Eduardo Sacheri: „Es gibt keine argentinische Fiktion, die die Geschehnisse auf den Falklandinseln in Frage stellt.“

Der Falklandkrieg (1982) war ein Wendepunkt für Argentinien, das letzte Hindernis von bis zu sechs diktatorischen Regimen , die das Land 60 Jahre lang prägten, und ein Kriegskonflikt, der laut dem Autor Eduardo Sacheri in der argentinischen Belletristik selten widergespiegelt wird, mit Ausnahmen wie seinem neuesten Buch „ Too Far Away“ .
„Im Falle Argentiniens gibt es keine Fiktion über die Malvinas . Übertrieben ausgedrückt: Es gibt ein Dutzend Romane. Anders gesagt: Es gibt keine Gesellschaft, die sich aus der Perspektive der Fiktion selbst hinterfragt. Das war einer der Gründe, warum ich mit dem Schreiben des Romans begann und mich fragte: ‚Warum dieses Unbehagen und Schweigen?‘“, sagt er in einem Interview.
Einige Filme und Theaterstücke, erklärt Sacheri, hätten es gewagt, ein „markantes kulturelles Thema“ zu thematisieren, etwa die Frage, ob die Landung argentinischer Truppen auf dem Archipel am 2. April 1982 notwendig war oder nicht.
In „Too Far Away (Alfaguara)“ erzählt Sacheri mit verschiedenen Stimmen vom Ursprung der Landung und davon, wie Soldaten mit minimaler Ausbildung auf den Inseln ankamen, ermutigt durch den Wunsch sowohl der Gesellschaft als auch ihrer Herrscher, dieses Gebiet zurückzuerobern.
Der argentinische Schriftsteller Eduardo Sacheri während eines Interviews mit EFE in Mexiko-Stadt, Mexiko. EFE/ Sáshenka Gutiérrez
„ Zu dem politischen Interesse an diesem Krieg zähle ich noch das sentimentale Interesse des argentinischen Volkes . Wenn das Militär in der Lage war, zu landen und sich nicht zurückzuziehen, als die diplomatische Lage es deutlich machte, dann deshalb, weil die argentinische Bevölkerung sie praktisch selbst dazu zwang“, erklärt der Historiker.

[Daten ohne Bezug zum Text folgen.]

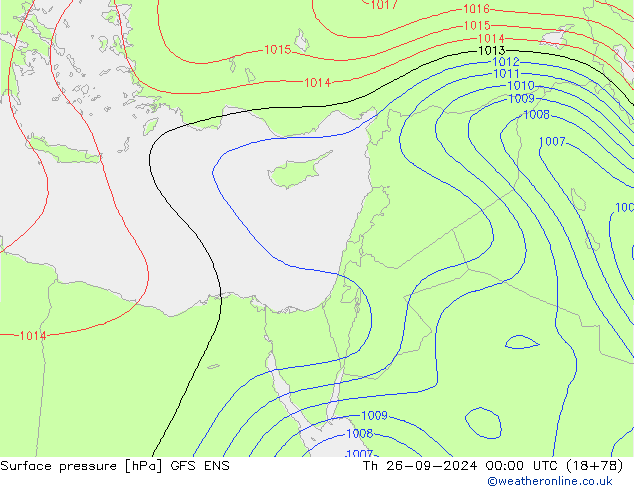 Luchtdruk (Grond) GFS ENS do 26.09.2024 00 UTC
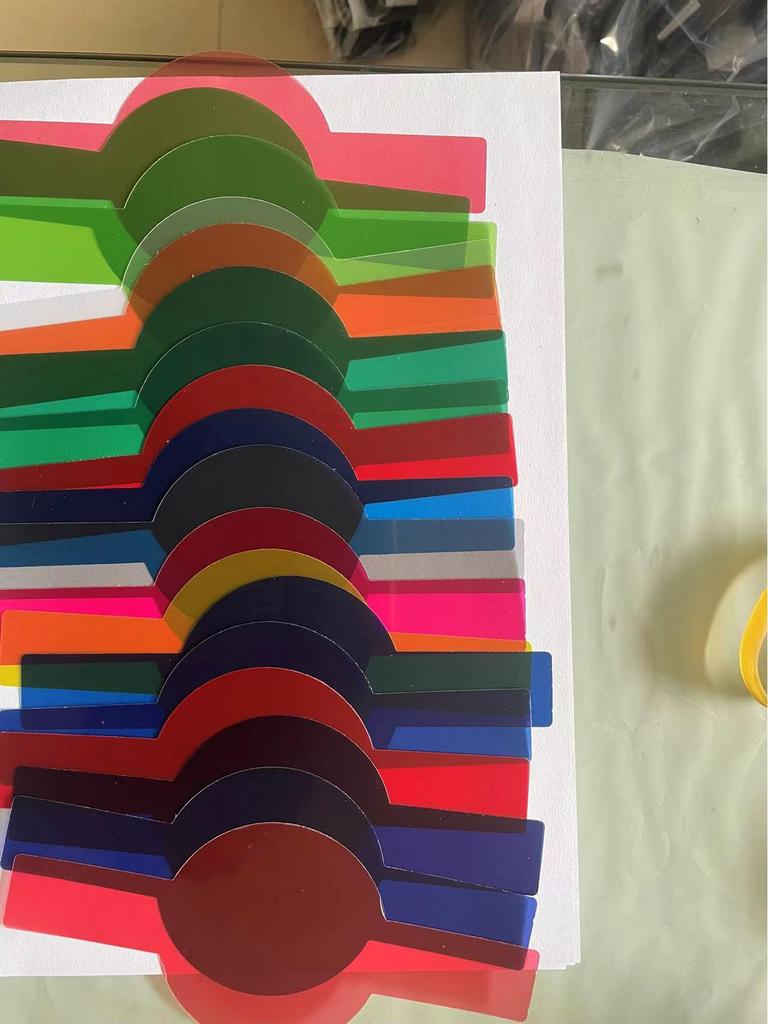 20-Color Camera Flash and Filter Set: 12-Color 30CM & 8-Color Temperature Filters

Die Tatsache, dass die argentinische Gesellschaft eine „distanzierte Haltung“ eingenommen habe, würde die Reaktion des Autors auf sein Volk „besser“ beschreiben , das zu dieser Zeit andere, größere Probleme und Bedürfnisse habe, wie etwa „die Rückkehr zur Demokratie, Menschenrechtsverletzungen oder die Überwindung der Wirtschaftskrise“.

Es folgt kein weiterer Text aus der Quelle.